* _Exercise prompt_:
Retype the listing below line for line, but only from the line with "Der elfjährige Sagar" down to the line with "Gruppe junge Freunde, die", inclusive. Pictures stay out.

* _Provided entries_:
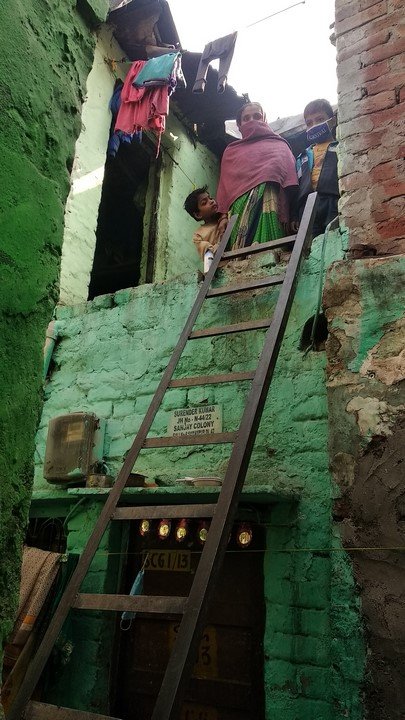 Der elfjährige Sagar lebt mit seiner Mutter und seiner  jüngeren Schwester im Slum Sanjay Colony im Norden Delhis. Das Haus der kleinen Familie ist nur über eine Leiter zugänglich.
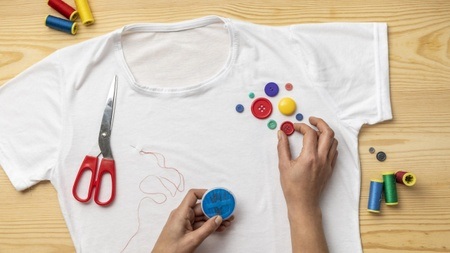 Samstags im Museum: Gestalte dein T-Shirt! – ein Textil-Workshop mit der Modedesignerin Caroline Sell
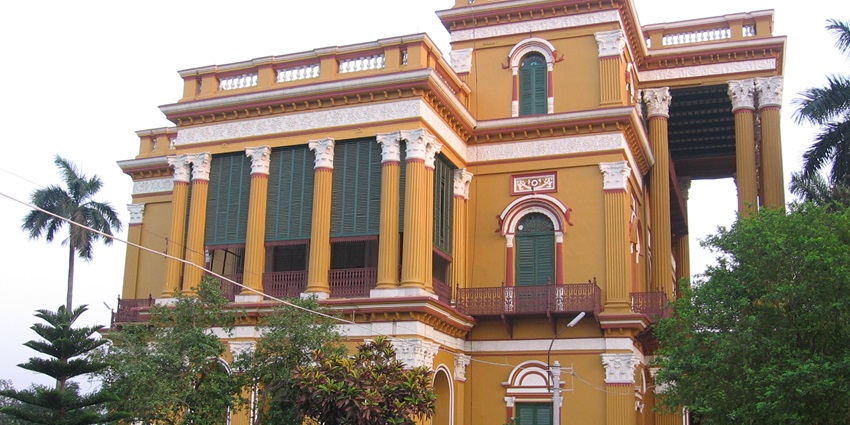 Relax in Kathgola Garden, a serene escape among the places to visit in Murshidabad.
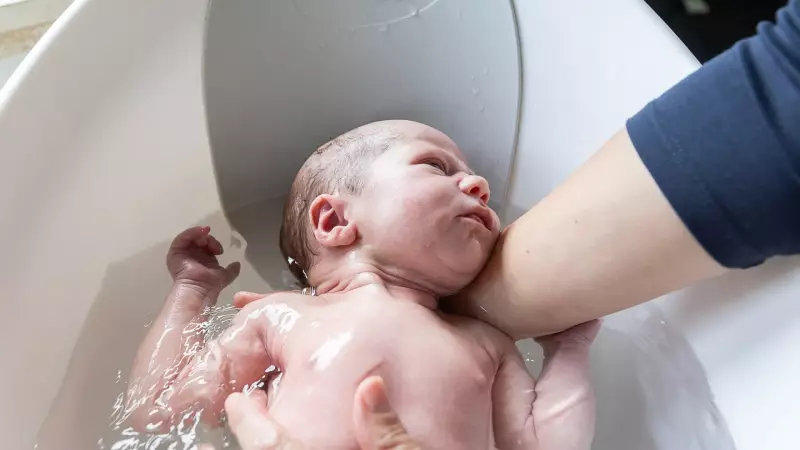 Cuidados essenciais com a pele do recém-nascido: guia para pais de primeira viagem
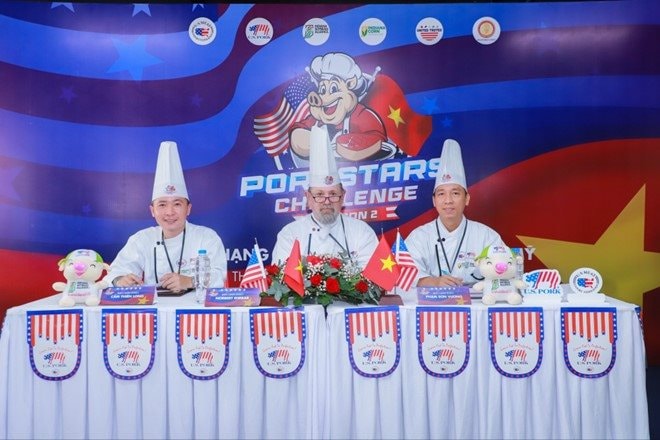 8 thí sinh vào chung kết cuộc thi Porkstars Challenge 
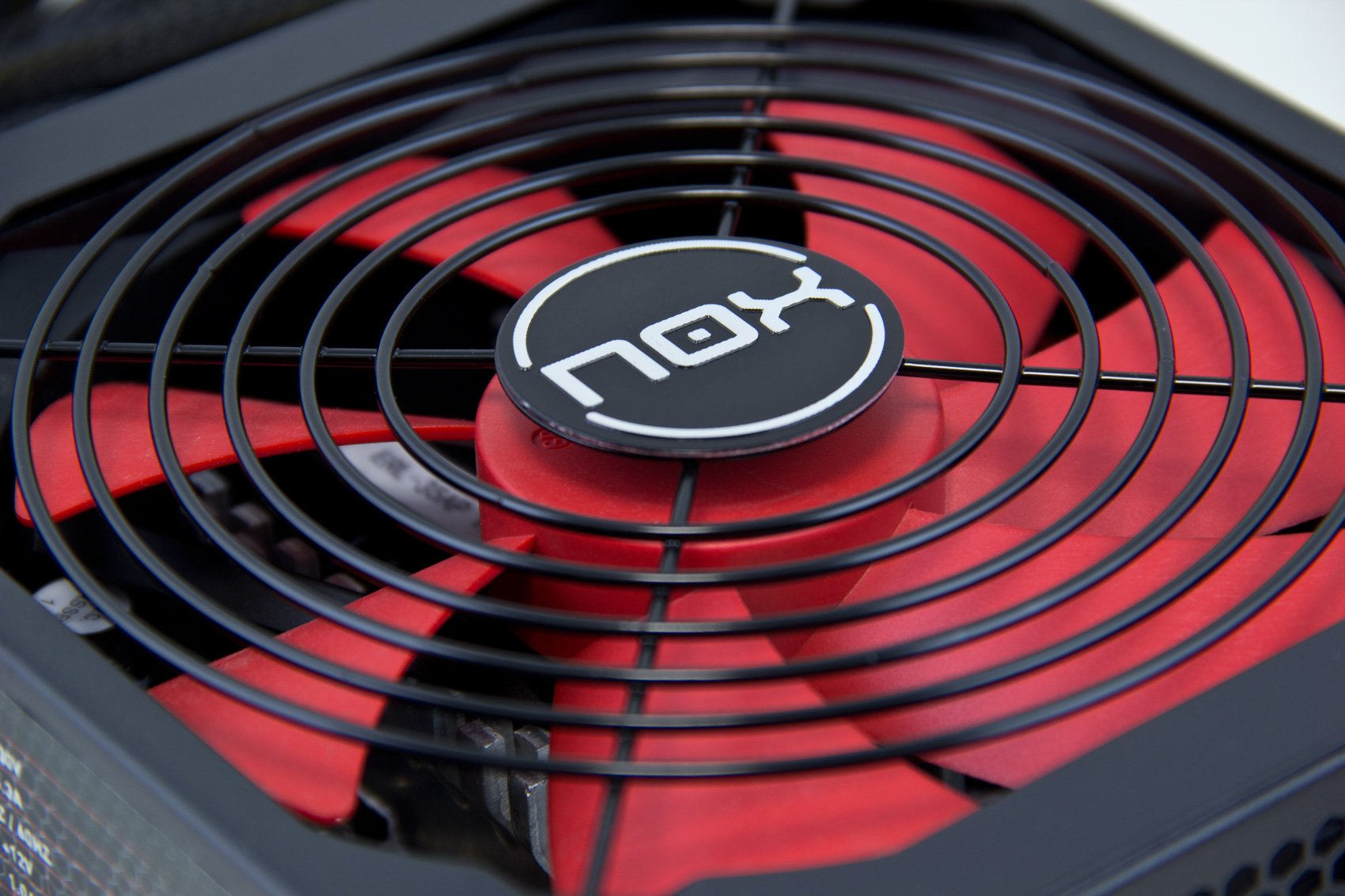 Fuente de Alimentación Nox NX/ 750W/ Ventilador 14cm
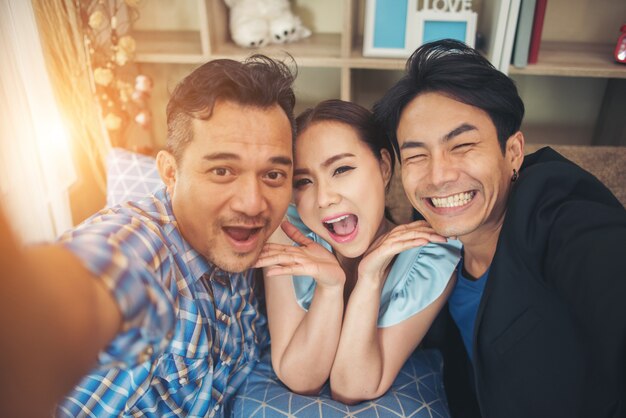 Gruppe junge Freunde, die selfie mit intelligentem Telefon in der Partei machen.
* * *
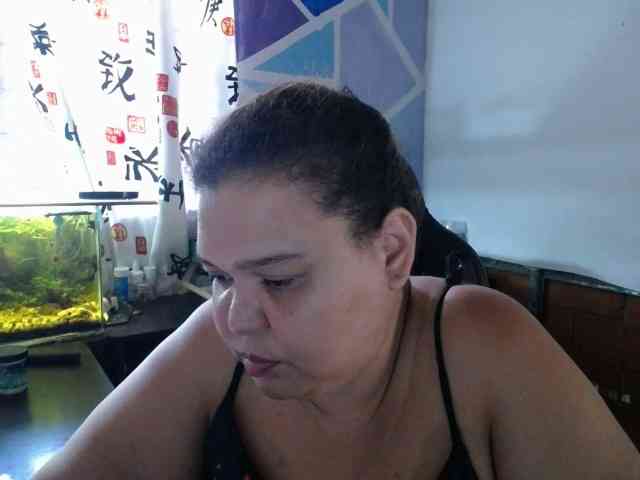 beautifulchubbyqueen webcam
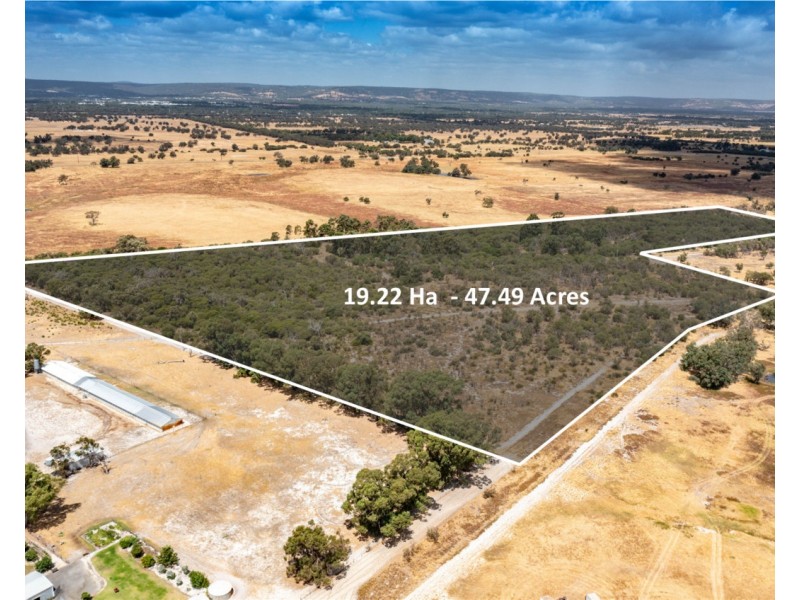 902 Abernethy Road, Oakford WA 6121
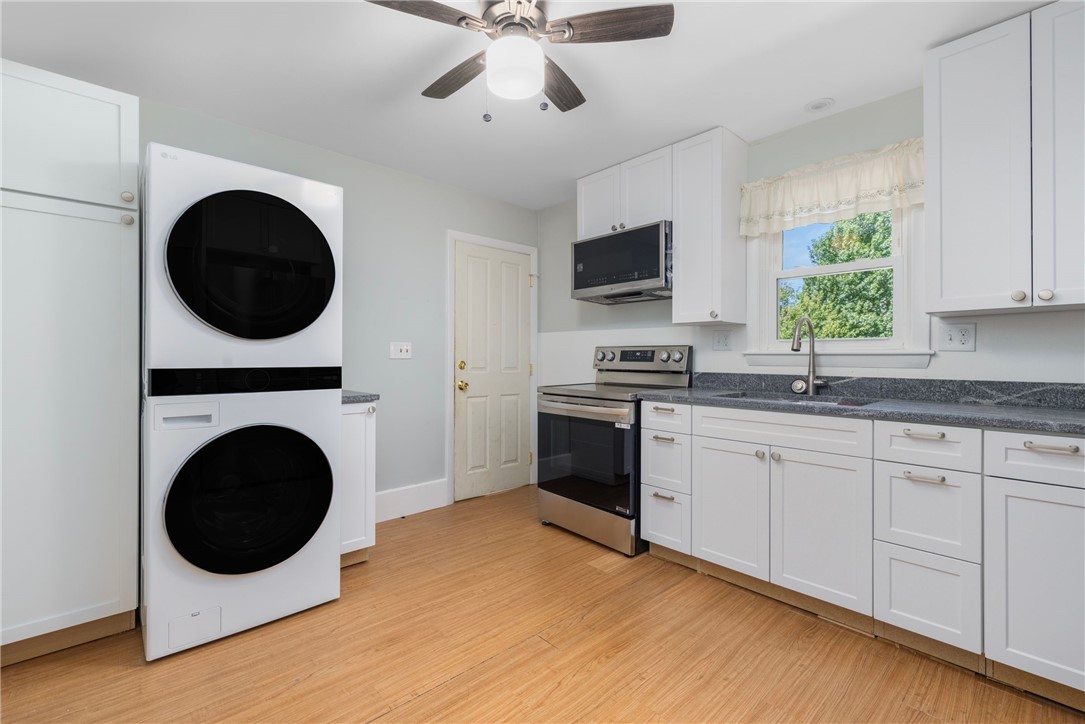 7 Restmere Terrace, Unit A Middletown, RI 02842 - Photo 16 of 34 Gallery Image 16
* * *
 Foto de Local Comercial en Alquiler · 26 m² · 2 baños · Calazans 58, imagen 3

* _Task answer_:
 Der elfjährige Sagar lebt mit seiner Mutter und seiner  jüngeren Schwester im Slum Sanjay Colony im Norden Delhis. Das Haus der kleinen Familie ist nur über eine Leiter zugänglich.
 Samstags im Museum: Gestalte dein T-Shirt! – ein Textil-Workshop mit der Modedesignerin Caroline Sell
 Relax in Kathgola Garden, a serene escape among the places to visit in Murshidabad.
 Cuidados essenciais com a pele do recém-nascido: guia para pais de primeira viagem
 8 thí sinh vào chung kết cuộc thi Porkstars Challenge 
 Fuente de Alimentación Nox NX/ 750W/ Ventilador 14cm
 Gruppe junge Freunde, die selfie mit intelligentem Telefon in der Partei machen.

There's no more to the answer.